Extracted records:
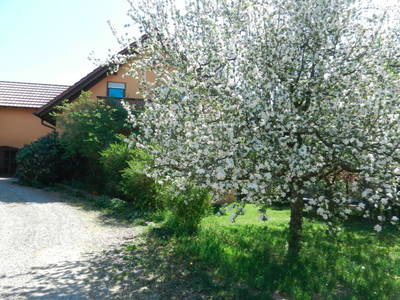 Bild 13 aus  Ferienbauernhof Am Hoersch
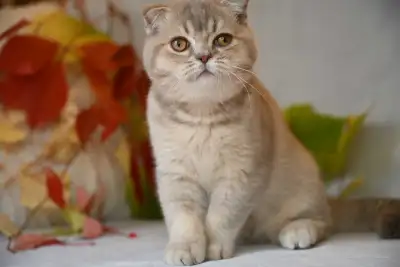 Scottish fold pure race , View more
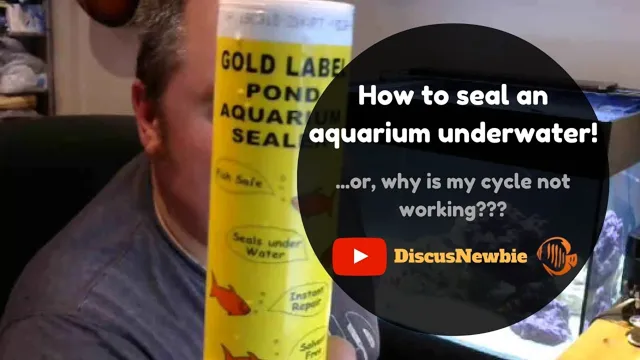 How Often to Reseal Aquarium: The Best Guide to Keeping Your Tank Safe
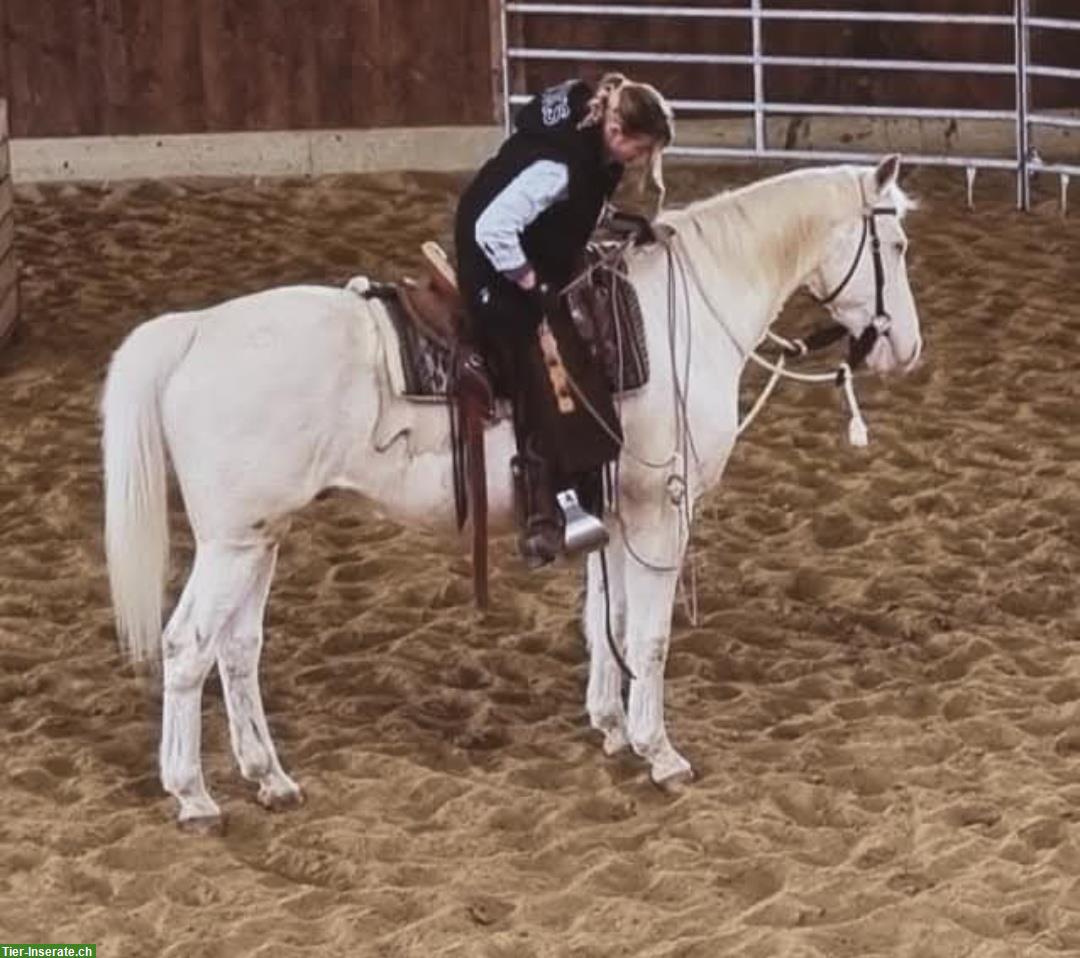 Bild 5: Cremello Wallach 🐴 sucht 1A Zuhause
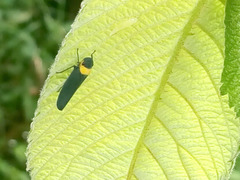 Barbinolla costaricensis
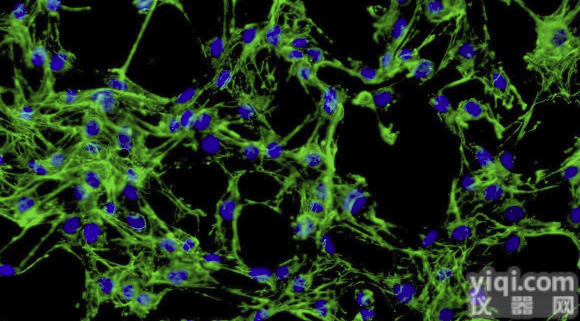 NK-92人恶性非<em>霍奇金</em><em>淋巴瘤</em>的自然杀伤<em>细胞</em>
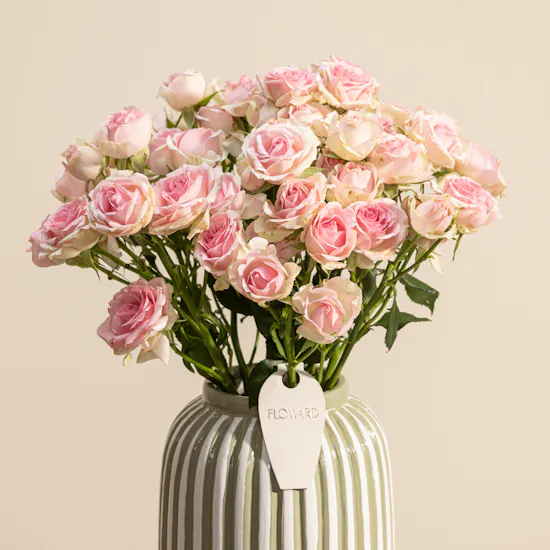 Nno Pink Baby Rose Fruta Vase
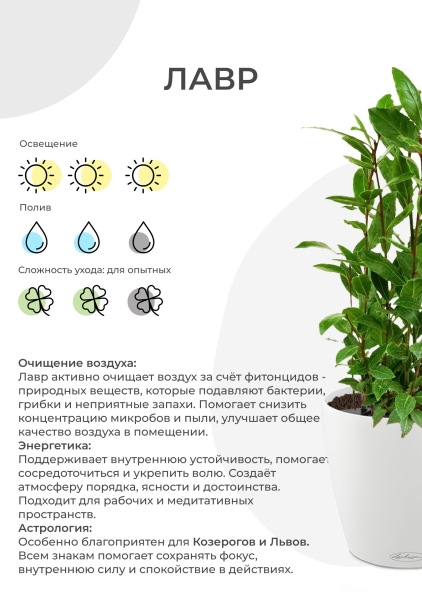 Лавр 9/30 см в CUBE GLOSSY 14 Лавр 9/30 см в CUBE GLOSSY 14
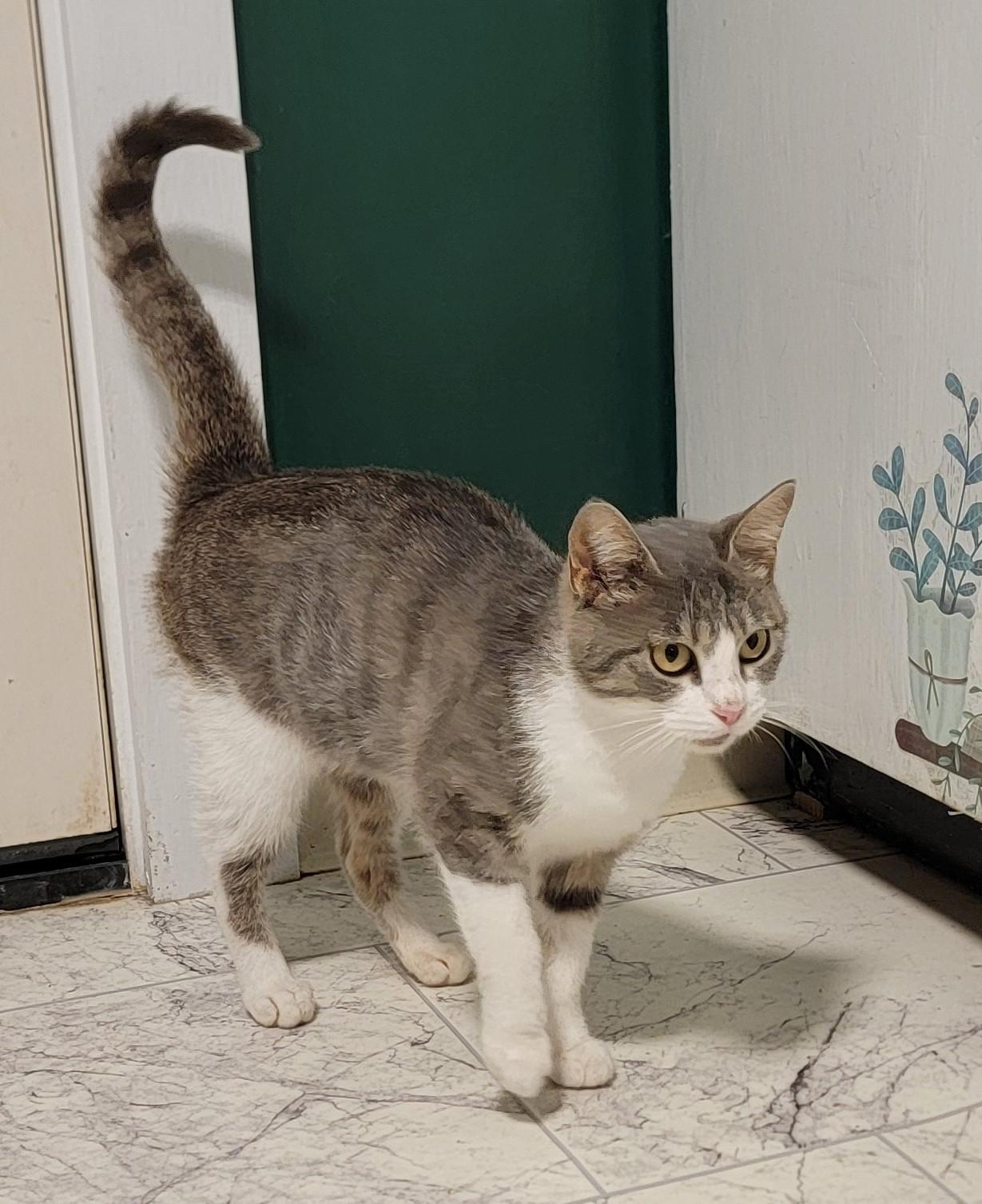 Violet, a ADOPTABLE Domestic Short Hair in Mount Sterling, KY image 3/6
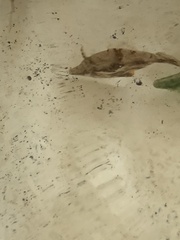 Monacanthus ciliatus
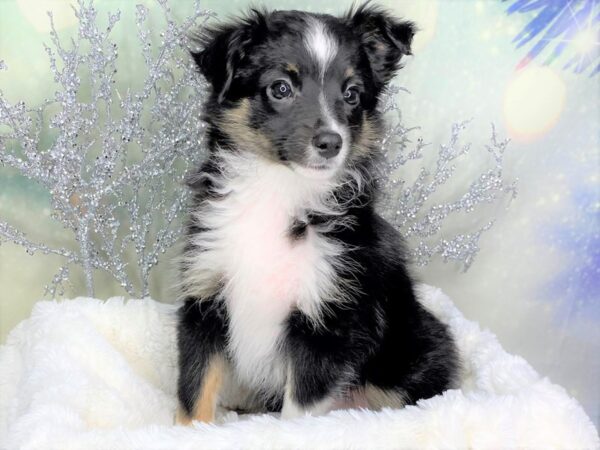 Miniature Australian Shepherd DOG Female Black 1768 Petland Lancaster
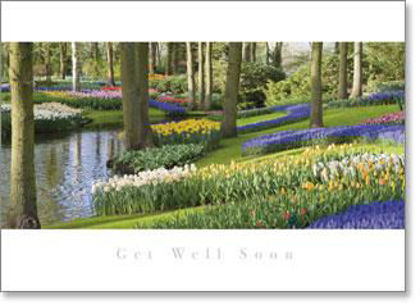 Picture of Inspire - Keukenhof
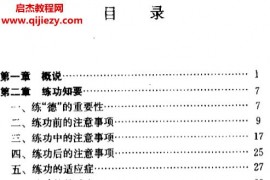 陈炎烽著先天一元气功电子书pdf百度网盘下载学习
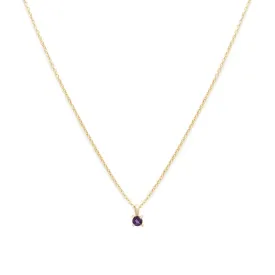 Birthstone Necklace | Gold & Amethyst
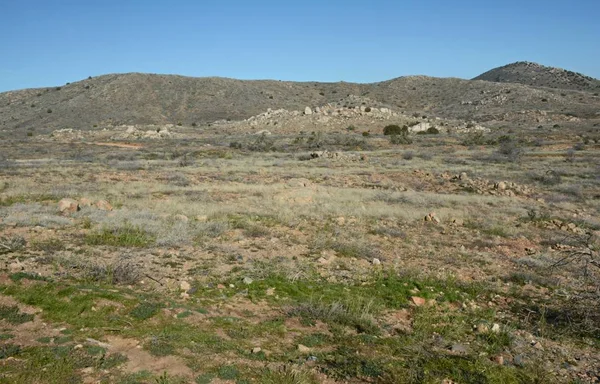 Seasonal Vista Agua Fria National Monument Northern Border Sonoran Desert — Stock Photo, Image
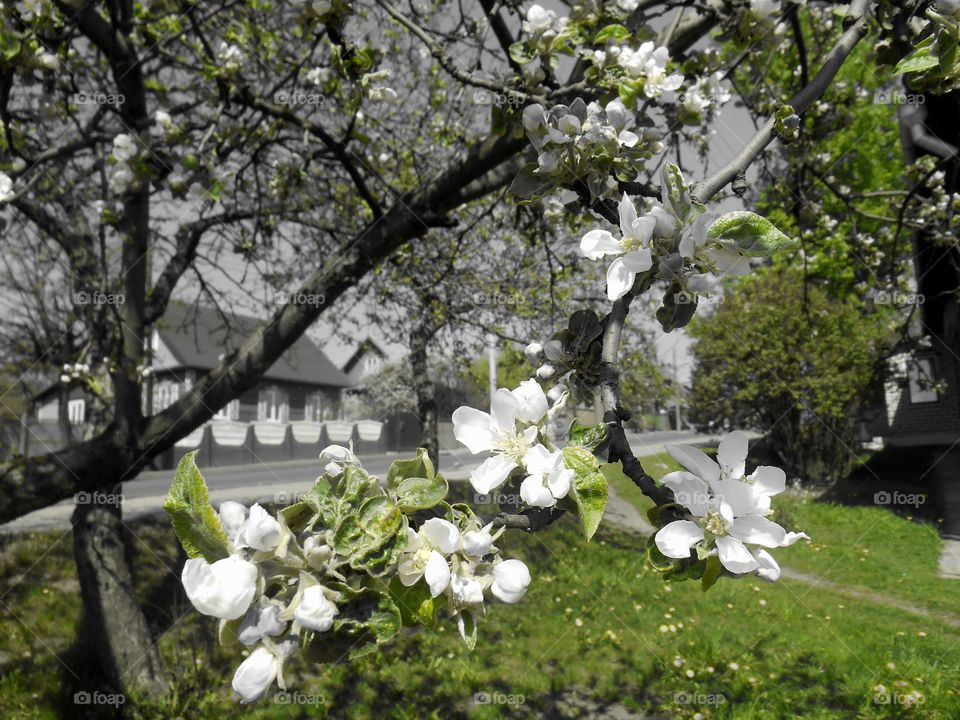 Tree, Flower, Nature, Branch, Flora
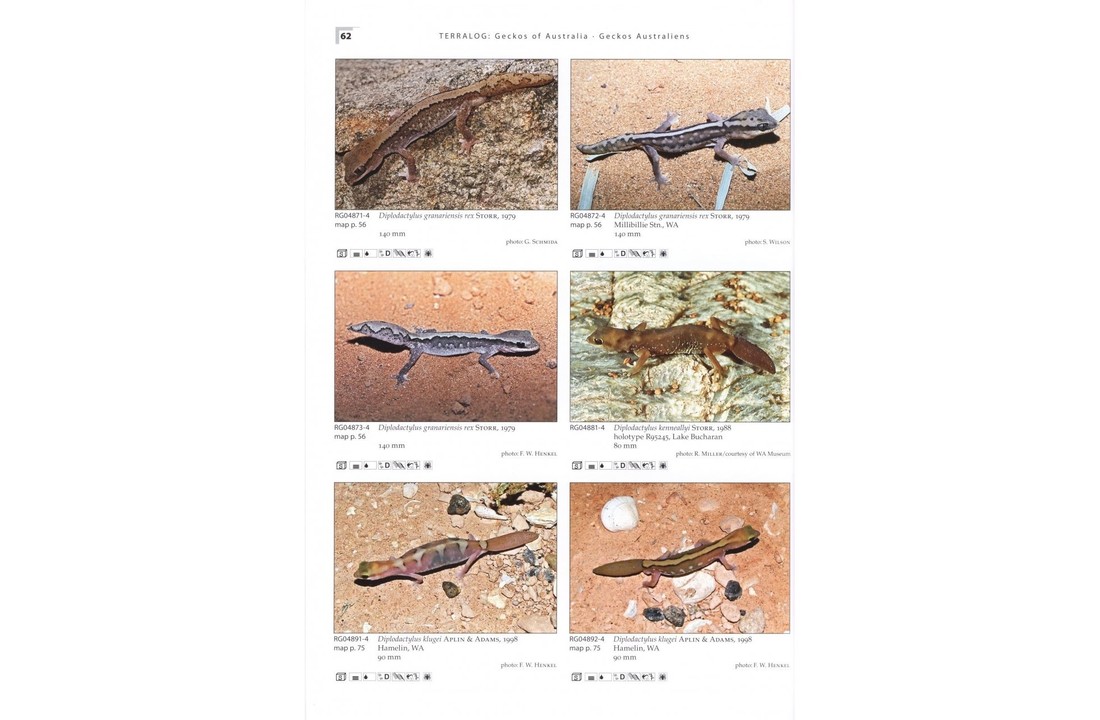 Terralog 10: Geckos of Australia/Geckos Australiens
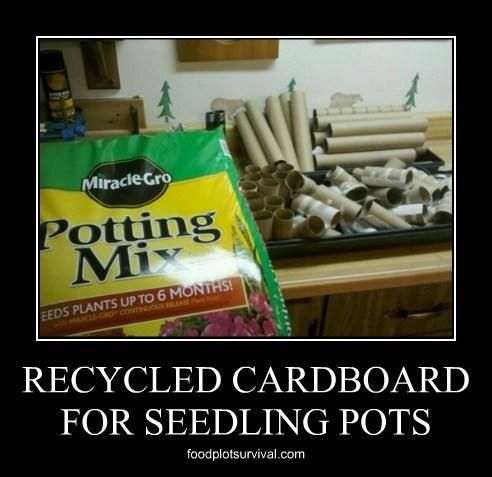 Toilet Paper Seedling Pots - Ultimate Recycle
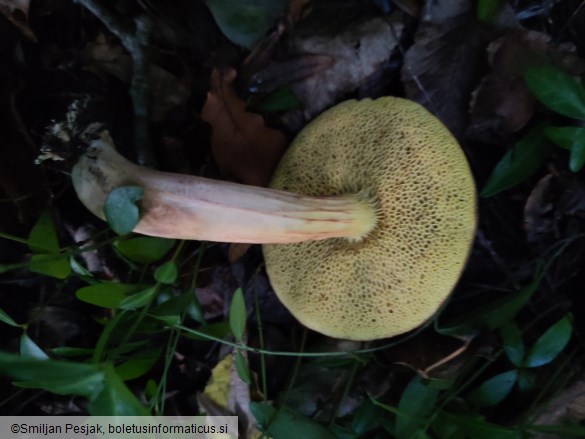 Xerocomus subtomentosus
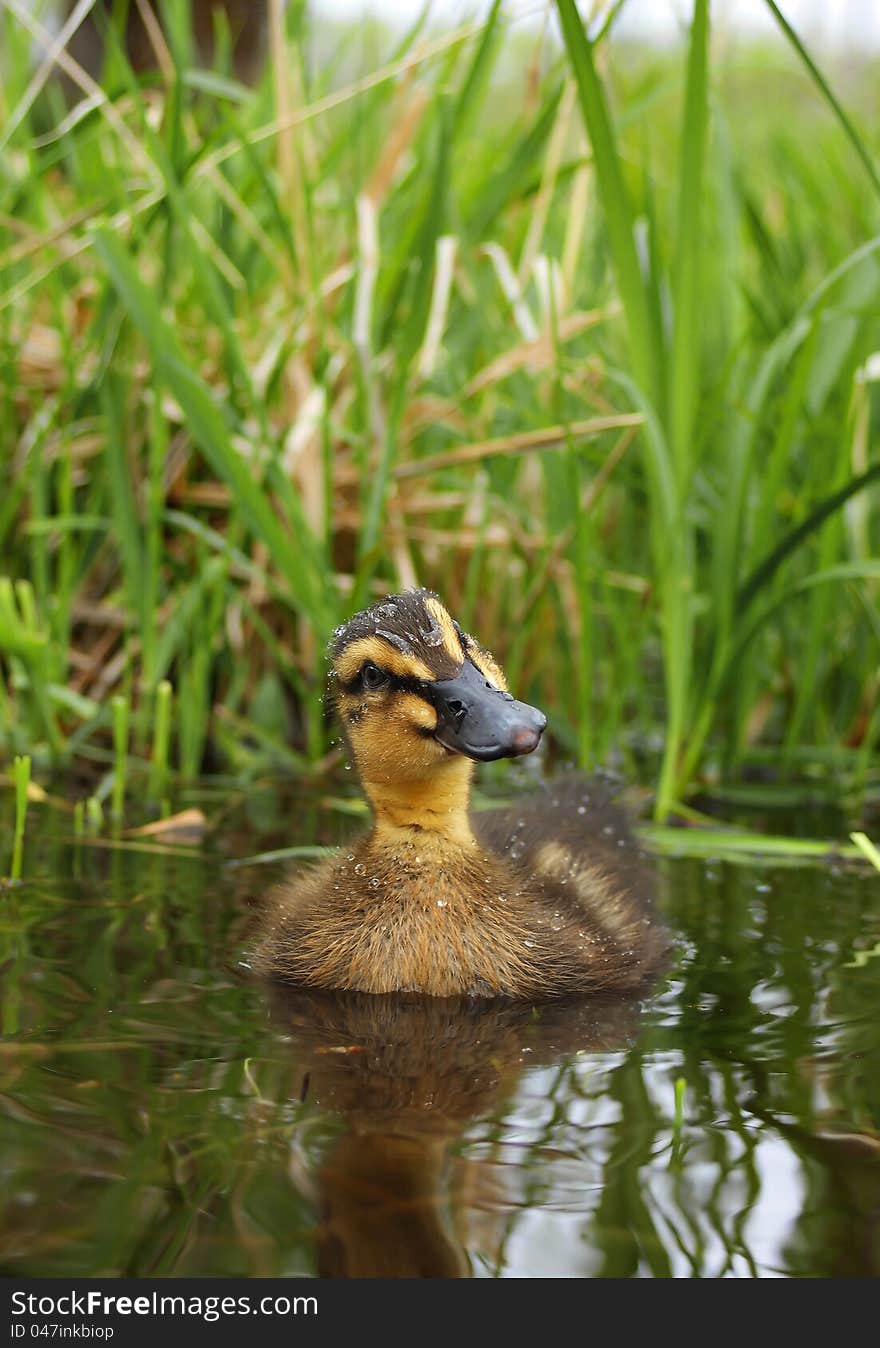 Curious Duckling Swimming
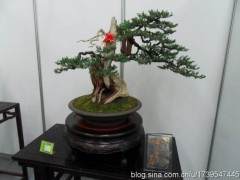 第七届亚太地区盆景雅石会议暨展览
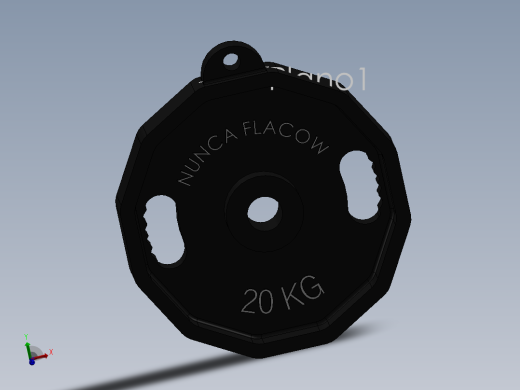 健身板 20 公斤钥匙扣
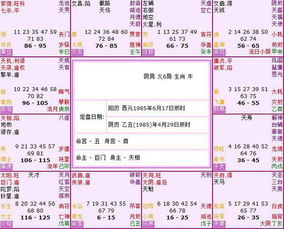 第四章：实际操作步骤—从起名到检验，再到使用后的回访.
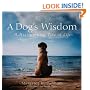 A Dog's Wisdom: A Heartwarming View of Life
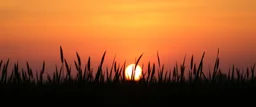 green grasses silhouette across bottom, with golden sunset sky in background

Exercise aim:
Once the pictures are set aside, write out each record exactly.

Reply to the exercise:
 Bild 13 aus  Ferienbauernhof Am Hoersch
 Scottish fold pure race , View more
 How Often to Reseal Aquarium: The Best Guide to Keeping Your Tank Safe
 Bild 5: Cremello Wallach 🐴 sucht 1A Zuhause
 Barbinolla costaricensis
 NK-92人恶性非<em>霍奇金</em><em>淋巴瘤</em>的自然杀伤<em>细胞</em>
 Nno Pink Baby Rose Fruta Vase
 Лавр 9/30 см в CUBE GLOSSY 14 Лавр 9/30 см в CUBE GLOSSY 14
 Violet, a ADOPTABLE Domestic Short Hair in Mount Sterling, KY image 3/6
 Monacanthus ciliatus
 Miniature Australian Shepherd DOG Female Black 1768 Petland Lancaster
 Picture of Inspire - Keukenhof
 陈炎烽著先天一元气功电子书pdf百度网盘下载学习
 Birthstone Necklace | Gold & Amethyst
 Seasonal Vista Agua Fria National Monument Northern Border Sonoran Desert — Stock Photo, Image
 Tree, Flower, Nature, Branch, Flora
 Terralog 10: Geckos of Australia/Geckos Australiens
 Toilet Paper Seedling Pots - Ultimate Recycle
 Xerocomus subtomentosus
 Curious Duckling Swimming
 第七届亚太地区盆景雅石会议暨展览
 健身板 20 公斤钥匙扣
 第四章：实际操作步骤—从起名到检验，再到使用后的回访.
 A Dog's Wisdom: A Heartwarming View of Life
 green grasses silhouette across bottom, with golden sunset sky in background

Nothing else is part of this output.